Concerns about STs’ Pre-Practicum Preparation exist in the absence of agreement about standard practices for advising Student Teachers, from scanty information about Student Teachers’ coursework or preparation prior to the practicum, or Advisory Handbooks that provide only limited guidelines, scenarios or examples.
Uncertain Feedback and Communication Practices moves beyond policy and procedures to reflect an absence of engagement between school and university administrators to inform School Advisors how well they are assisting Student Teachers, communication challenges between local school Administrators and School Advisors, communication problems within the local school staff and staff at other schools, or insufficient feedback practice from Student Teachers themselves to report what is working and what is not.
Balance on the Job: Motivation, Challenge, and Within the Profession
At the bottom of your Profile sheet are three pie charts. These indicate balance across important realities of the workplace.
The left-most chart reflects two aspects of what you reported as motivating and rewarding.
Some of what motivates School Advisors is direct and personal (Self). And there is also satisfaction in seeing others flourish and succeed (Other). The balance of light green to dark green sectors indicates the degree of emphasis between ‘self’ and ‘other’ in terms of the reciprocal benefits associated in working with a student teacher.

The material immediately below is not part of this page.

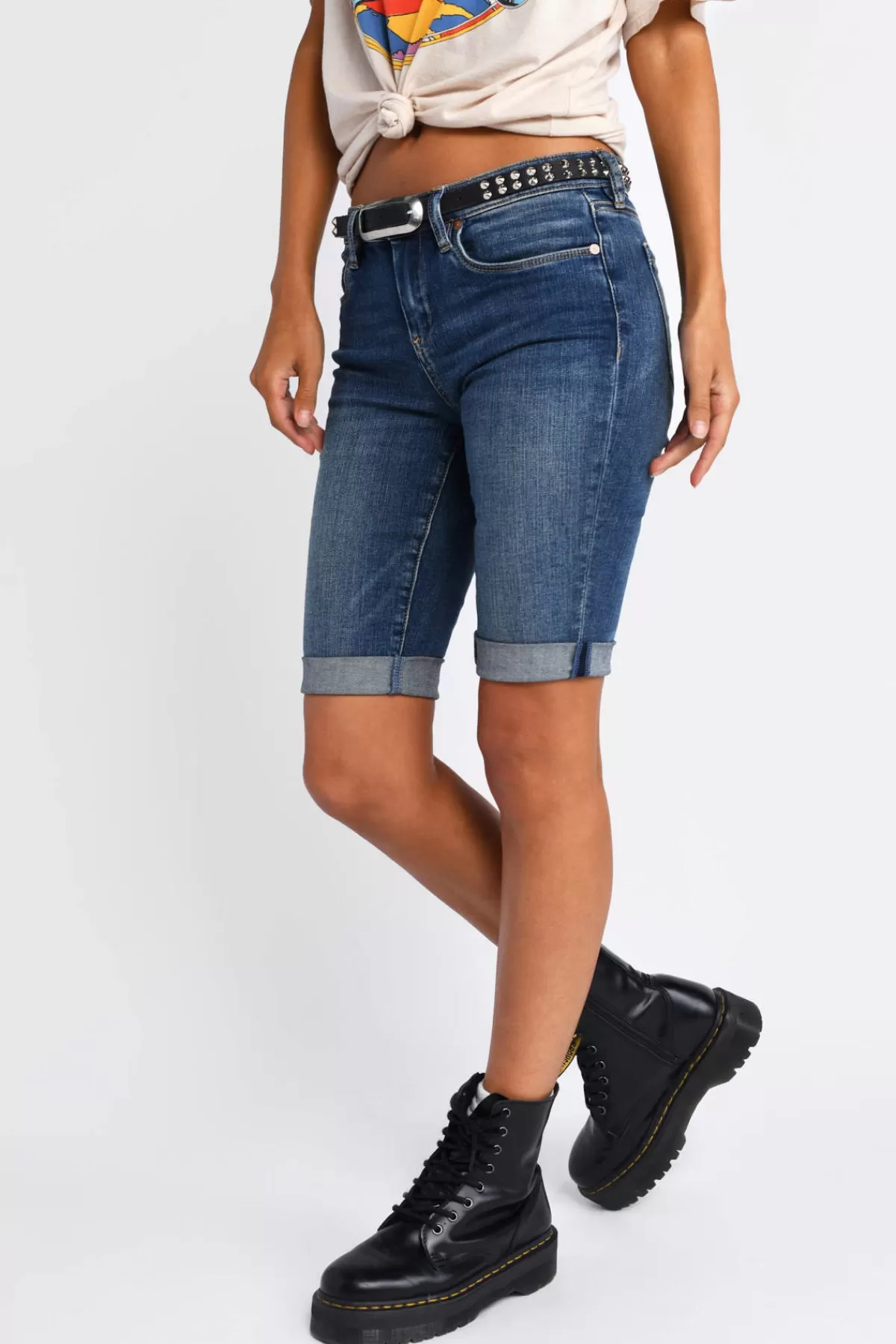 Tobi Blank NYC Vendetta Denim Shorts - * Denim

In contrast, some of the Challenges and Problems of School Advisor responsibilities arise from communication or feedback problems (Interpersonal) while others result from lack of clear policy, guidelines, or procedures (Systemic). The dark and light orange sectors of the middle chart indicate the degree of emphasis between ‘interpersonal’ and ‘systemic’ issues inherent in field-based components of learning a profession.
To the right, the third chart indicates how you see the overall balance of your workplace Motivators to its Challenges in working with student teachers in practicum settings.
The MPI provides a snapshot of your Mentoring Profile at this point in time and no two School Advisors will have precisely the same profiles of Motivators or Challenges. Nevertheless, the information in these scales and profiles provides a good beginning point for self-study and values-clarification individually and collectively in school settings. The MPI gives you a broader vocabulary to discuss these issues with other School Advisors, with School colleagues, with School Administrators, and with University colleagues.
Remember too, that things change. The time may come that you wish to take the MPI a second time. Or even a third to see if your insights into your School Advisor role change as circumstances evolve. It remains free and online at www.MentoringProfile.com.
MPI Grid
The MPI Grid is derived from four scores: 'self', 'other', 'interpersonal' and 'systemic'. These scores are mapped onto a set of Motivator and Challenge axes as shown below.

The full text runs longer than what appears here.